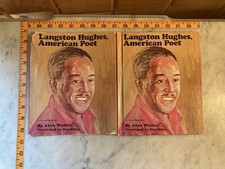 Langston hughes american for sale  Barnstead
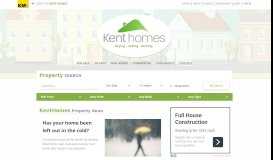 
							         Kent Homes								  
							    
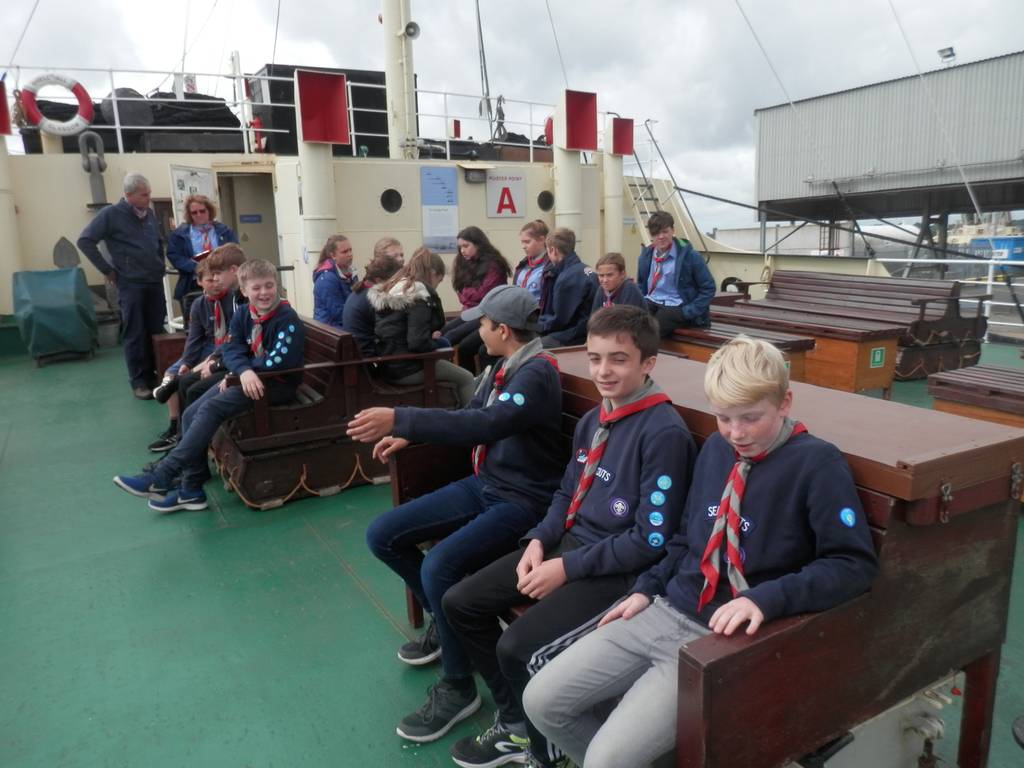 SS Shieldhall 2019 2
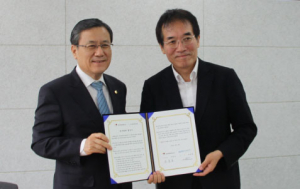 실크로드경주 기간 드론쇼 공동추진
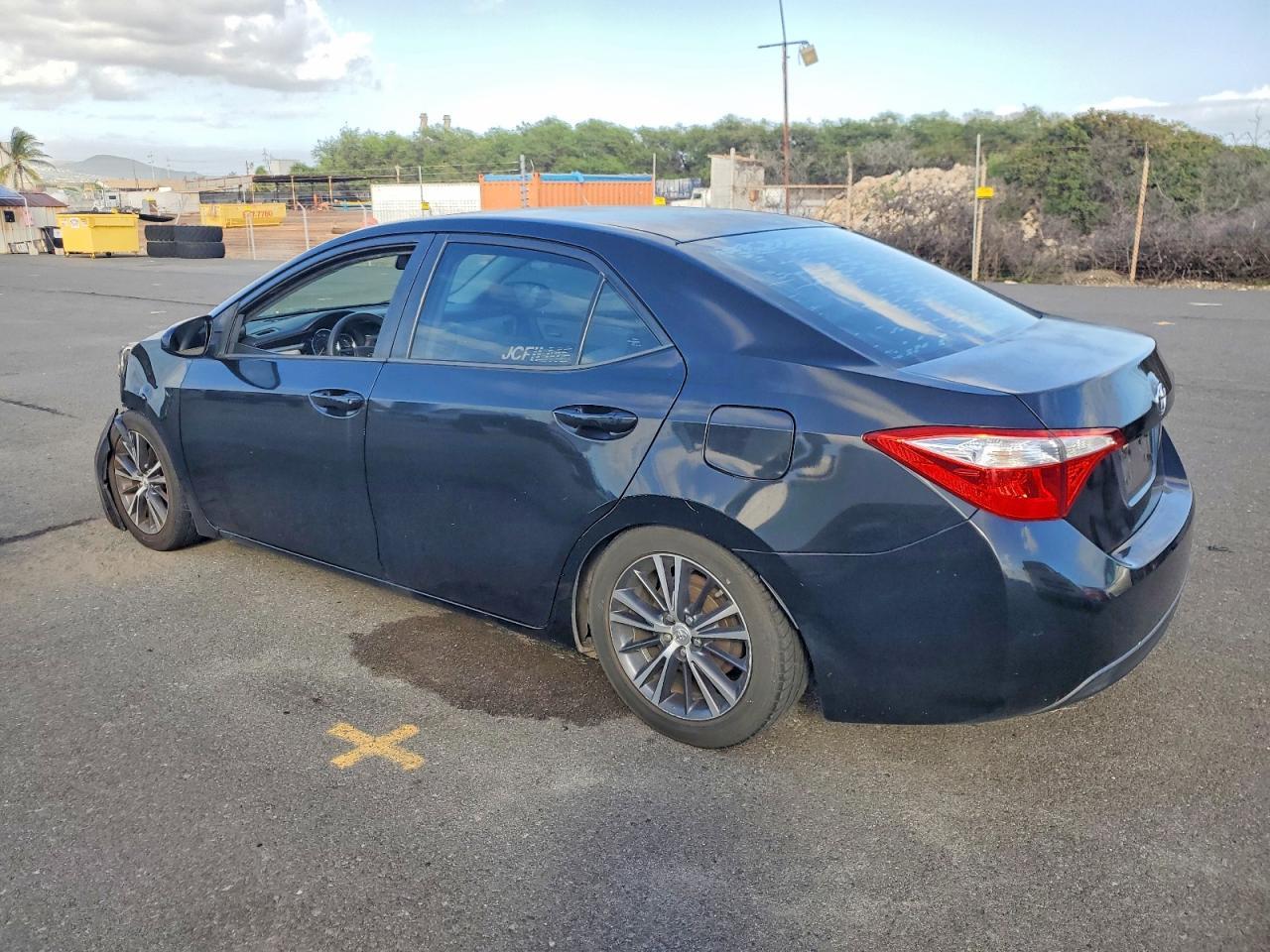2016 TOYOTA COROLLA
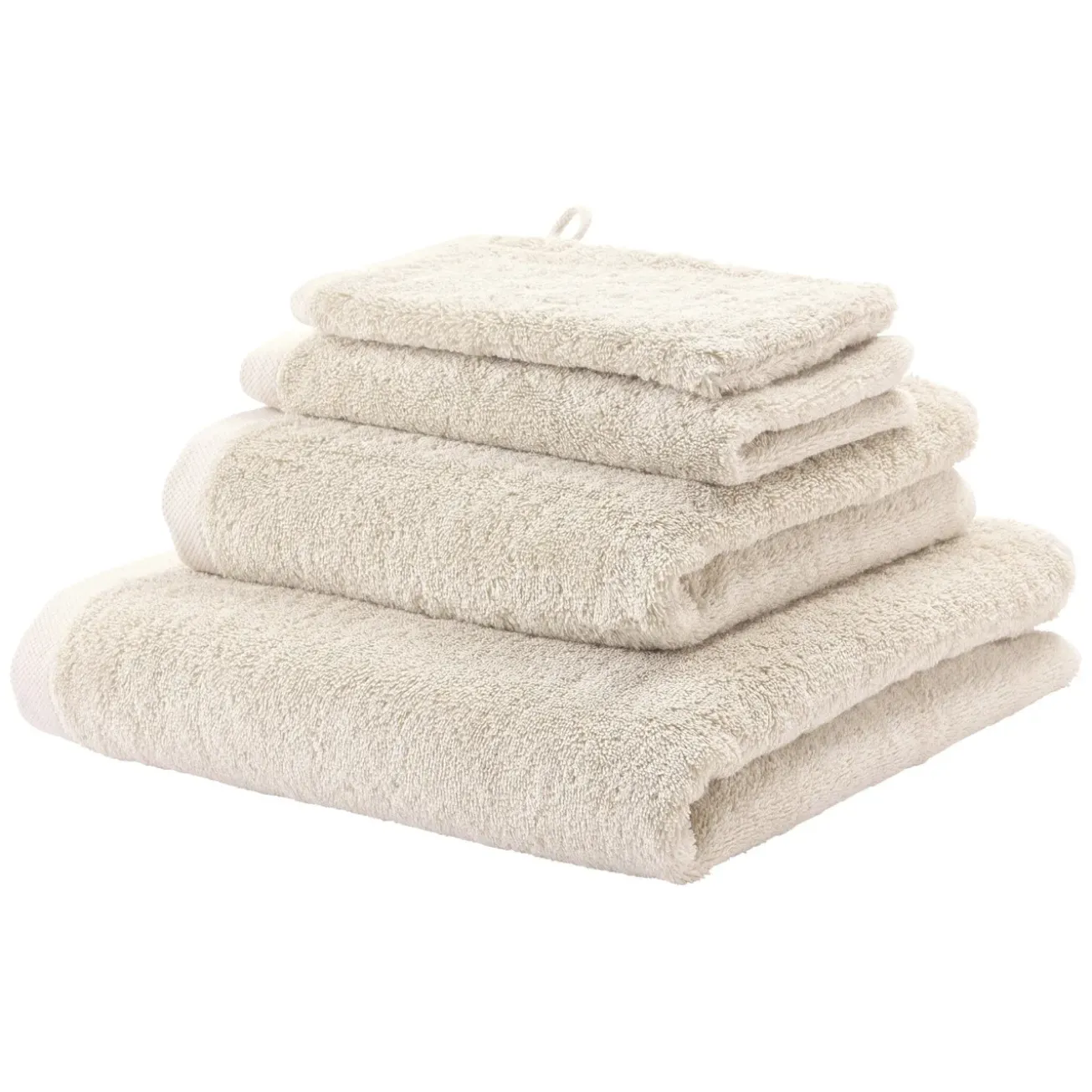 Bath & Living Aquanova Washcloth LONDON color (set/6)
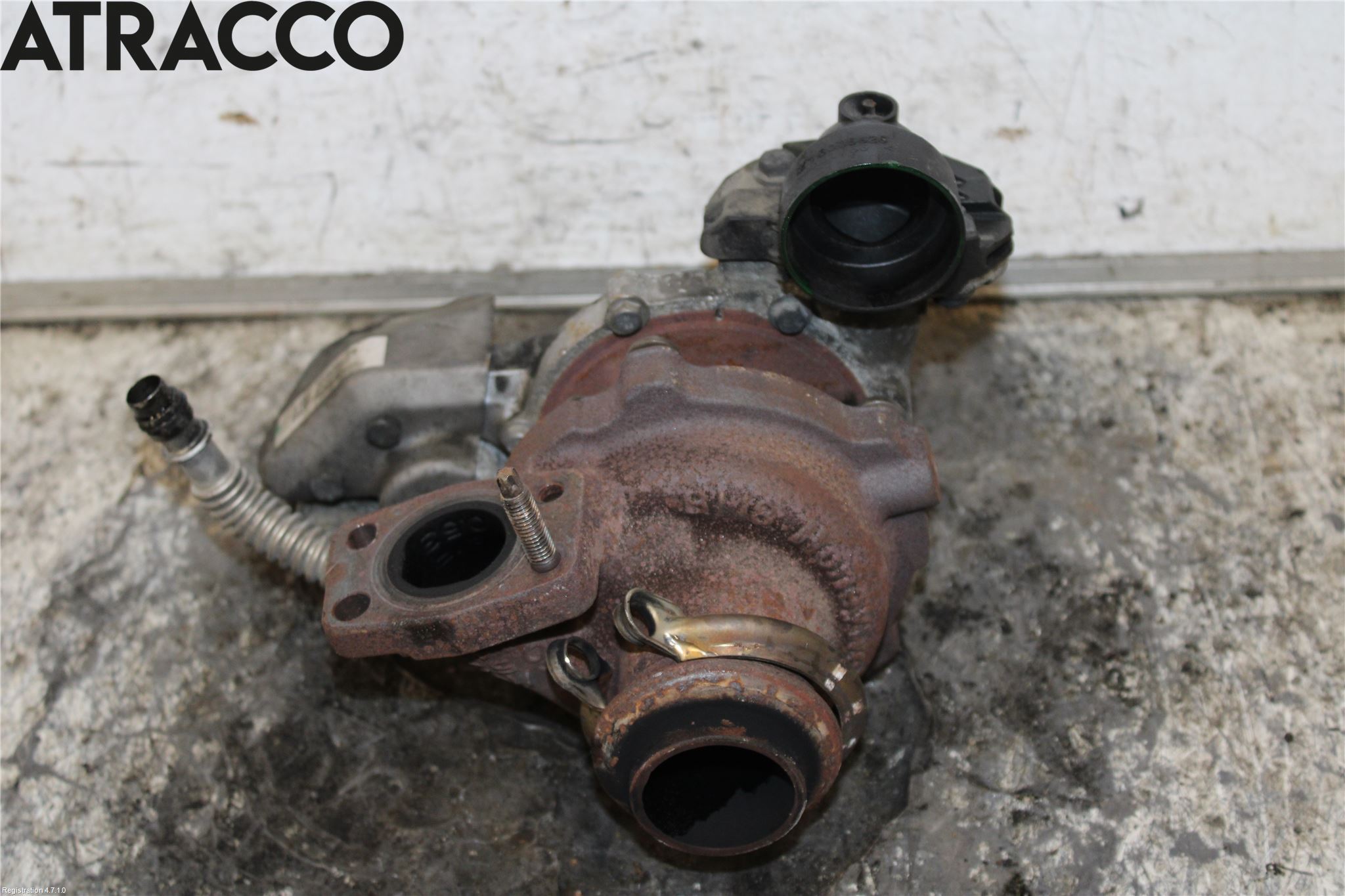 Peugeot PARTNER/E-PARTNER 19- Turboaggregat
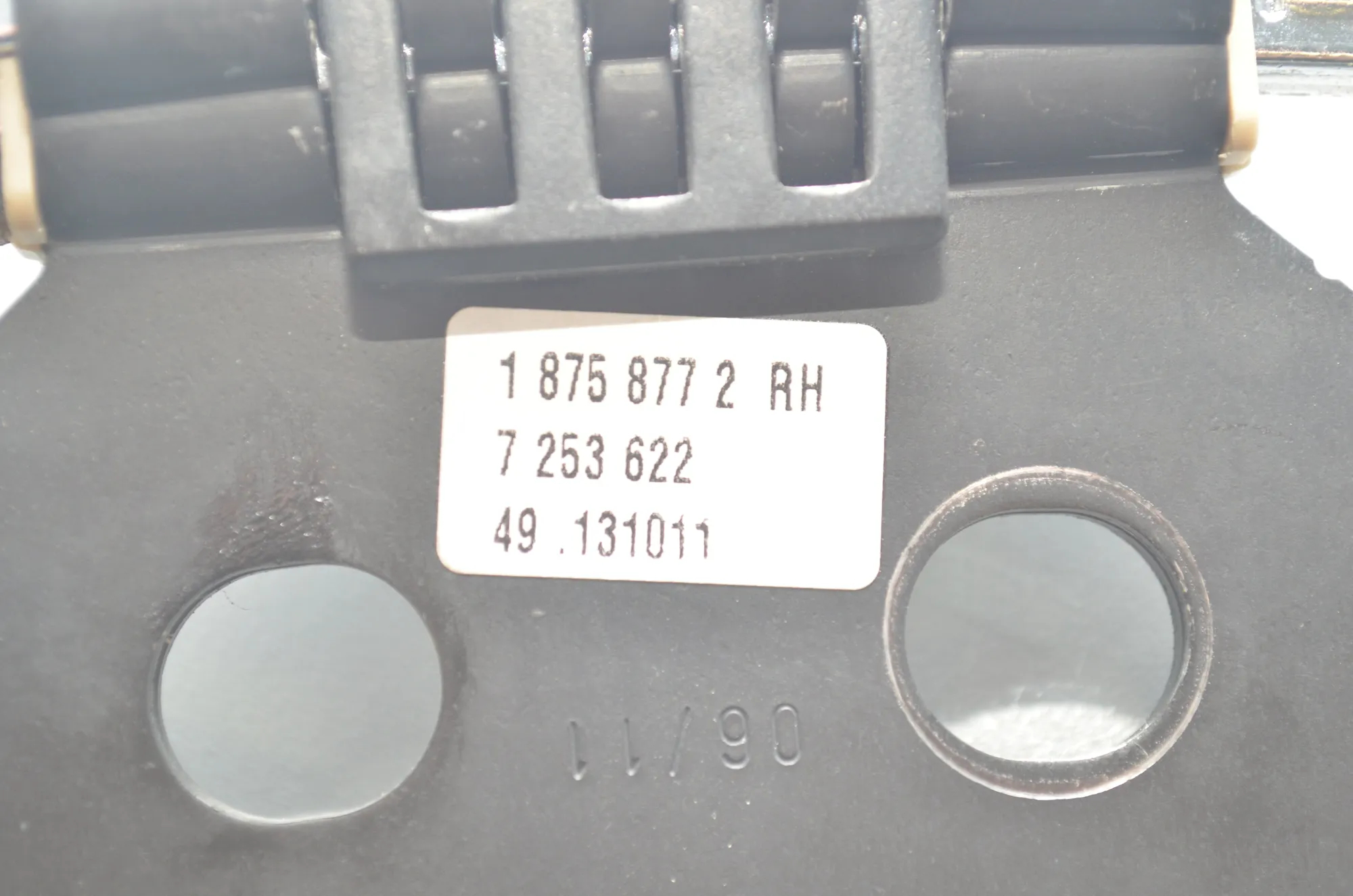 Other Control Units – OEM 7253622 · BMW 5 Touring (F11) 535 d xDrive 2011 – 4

* _Your goal_
Reproduce only the lines from the line that holds "2016 TOYOTA COROLLA" through the end of the records, exactly as they stand, both ends included and pictures excluded.

* _Response area_
2016 TOYOTA COROLLA
 Bath & Living Aquanova Washcloth LONDON color (set/6)
 Peugeot PARTNER/E-PARTNER 19- Turboaggregat
 Other Control Units – OEM 7253622 · BMW 5 Touring (F11) 535 d xDrive 2011 – 4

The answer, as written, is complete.